─── Given records

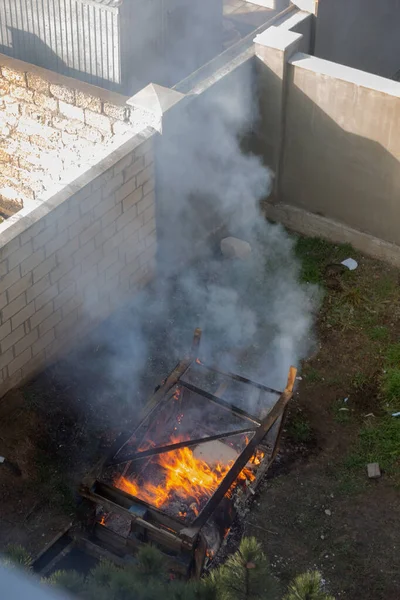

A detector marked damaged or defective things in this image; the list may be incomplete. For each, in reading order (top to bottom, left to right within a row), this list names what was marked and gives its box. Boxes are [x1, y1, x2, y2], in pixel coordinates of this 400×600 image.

charred wood beam [179, 380, 260, 426]
charred wood beam [197, 364, 282, 396]
charred wood beam [106, 426, 256, 468]
charred wood beam [181, 368, 296, 536]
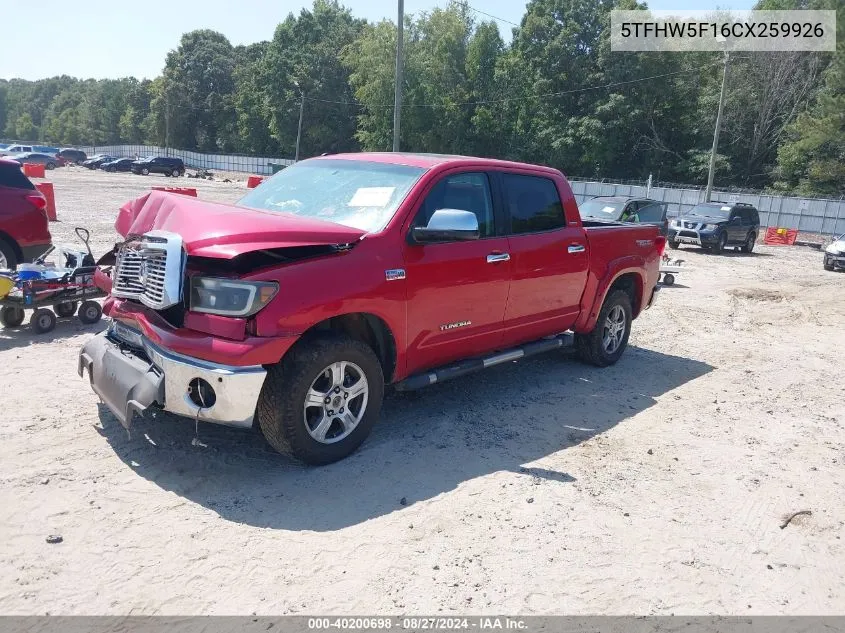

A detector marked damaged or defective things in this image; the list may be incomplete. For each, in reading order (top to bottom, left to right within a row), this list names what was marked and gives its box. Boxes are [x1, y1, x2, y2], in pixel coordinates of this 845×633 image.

crumpled hood [113, 189, 364, 258]
broken headlight [188, 276, 276, 316]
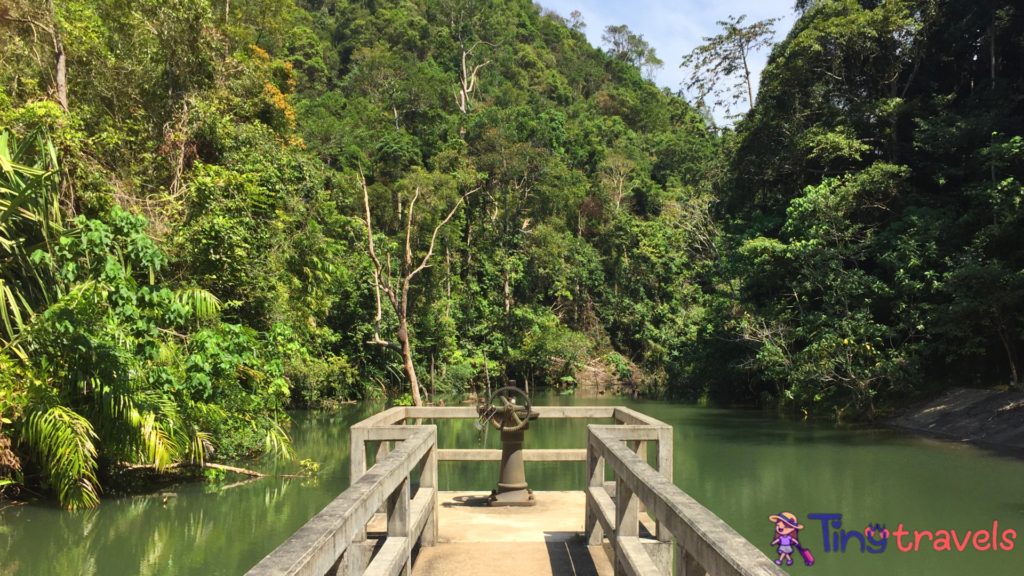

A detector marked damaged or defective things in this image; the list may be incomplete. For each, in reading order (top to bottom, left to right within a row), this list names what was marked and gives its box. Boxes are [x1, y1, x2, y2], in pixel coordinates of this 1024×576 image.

rusty handwheel [483, 385, 532, 430]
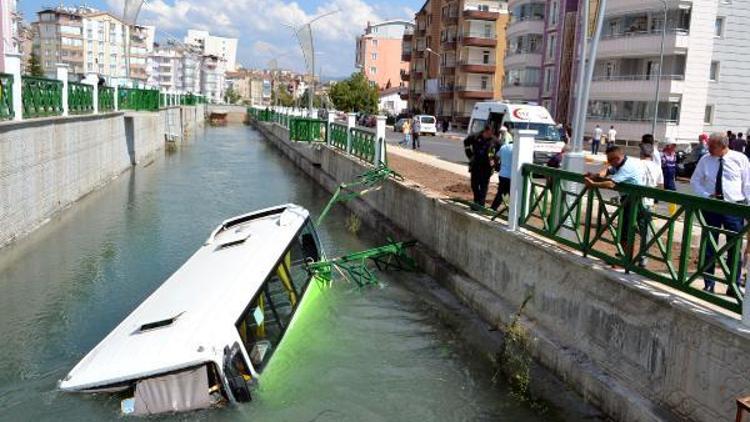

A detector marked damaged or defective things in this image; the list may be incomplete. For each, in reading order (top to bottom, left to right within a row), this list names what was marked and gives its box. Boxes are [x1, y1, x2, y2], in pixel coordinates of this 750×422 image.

bent railing section [524, 164, 750, 314]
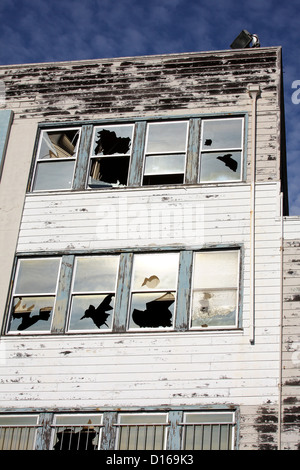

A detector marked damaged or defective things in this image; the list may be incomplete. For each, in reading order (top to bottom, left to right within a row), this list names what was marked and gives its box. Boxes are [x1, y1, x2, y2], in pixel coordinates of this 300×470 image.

broken window [32, 129, 80, 191]
broken window [86, 126, 134, 190]
broken window [142, 121, 188, 185]
broken window [199, 118, 244, 183]
broken window [7, 258, 60, 334]
broken window [67, 258, 119, 330]
broken window [128, 253, 179, 330]
broken window [192, 252, 239, 328]
broken window [0, 416, 38, 450]
broken window [51, 414, 102, 450]
broken window [115, 414, 168, 450]
broken window [182, 414, 236, 450]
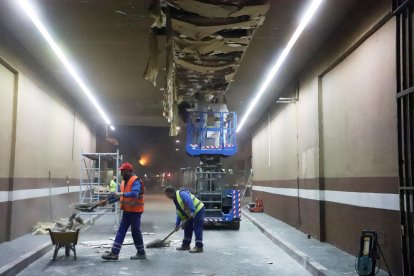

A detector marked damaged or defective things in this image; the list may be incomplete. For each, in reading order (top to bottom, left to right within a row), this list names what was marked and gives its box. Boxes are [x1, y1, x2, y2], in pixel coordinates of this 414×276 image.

damaged ceiling [0, 0, 362, 137]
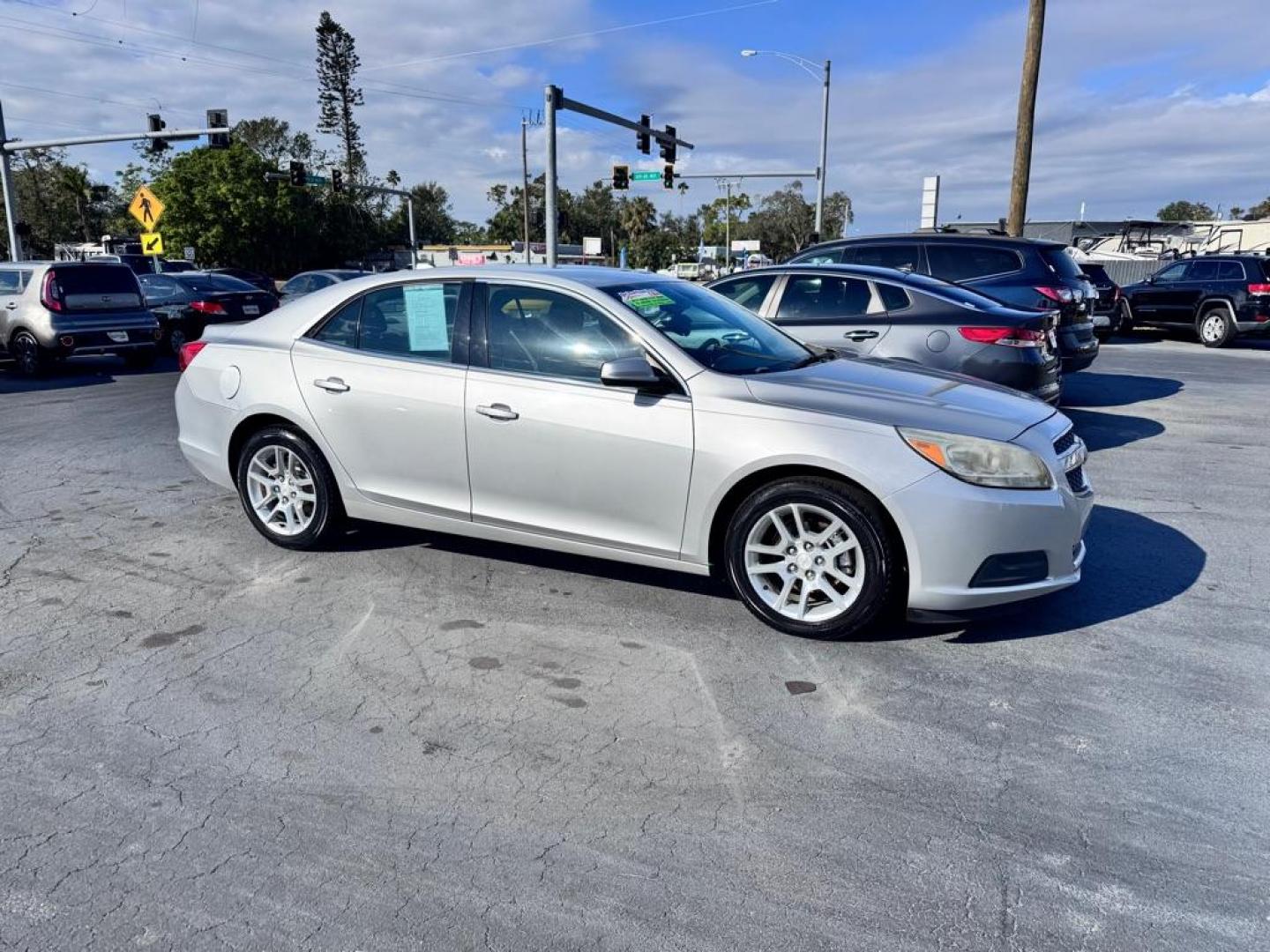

──────

→ Directions for this task:
Extract the run of lines beginning with the line that holds "this 414×276 image." and ending at the last line of the data, inclusive. Exclude any pictures from the copy.

→ Output below:
A detector marked damaged or defective things in this image; the list may be incomplete. For each, in reading order (top to bottom, left to right within a row), this list names what was marked and gives its box. Boxes are [x1, y1, x2, y2], in pixel coordinates of this 414×276 image.

damaged ceiling [0, 0, 362, 137]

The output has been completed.